Data under study:
----

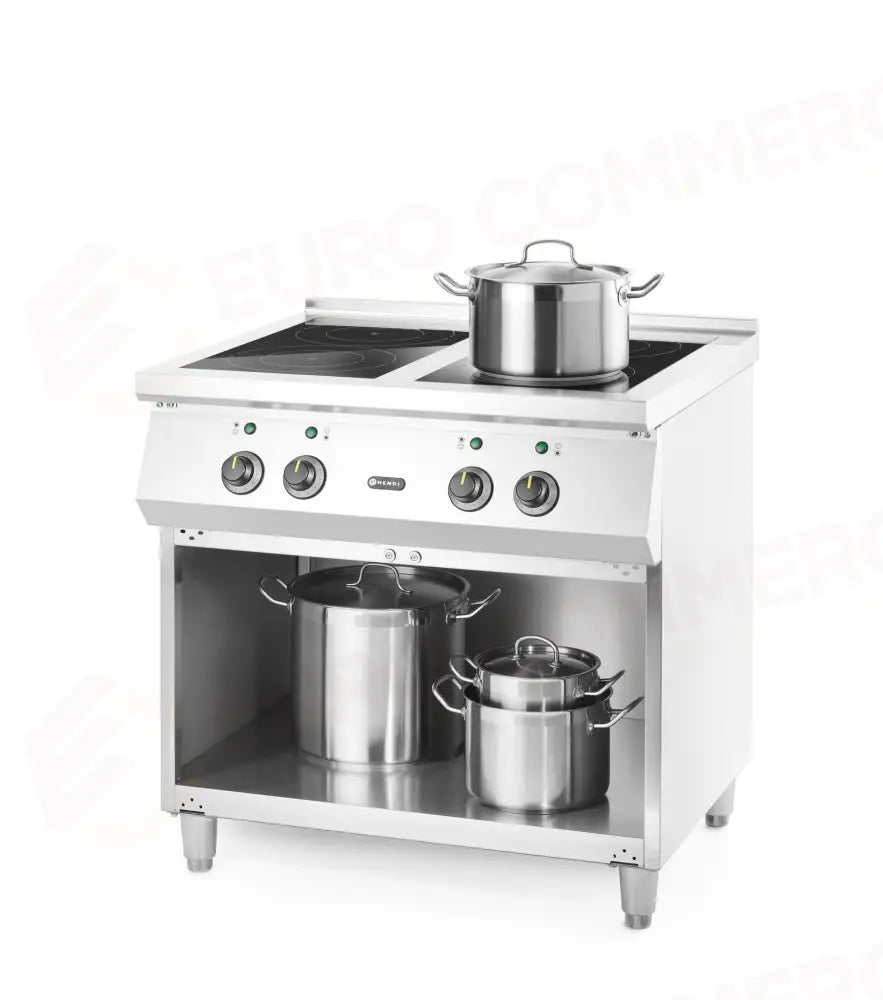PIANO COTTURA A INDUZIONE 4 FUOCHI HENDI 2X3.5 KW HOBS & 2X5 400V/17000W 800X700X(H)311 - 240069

----

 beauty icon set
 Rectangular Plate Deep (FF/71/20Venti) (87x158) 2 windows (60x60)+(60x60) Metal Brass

----

Your goal: Print again the lines of the entries above that fall between the line holding "beauty icon set" and the line holding "Rectangular Plate Deep", inclusive, exactly as they stand.

Solved problem:
 beauty icon set
 Rectangular Plate Deep (FF/71/20Venti) (87x158) 2 windows (60x60)+(60x60) Metal Brass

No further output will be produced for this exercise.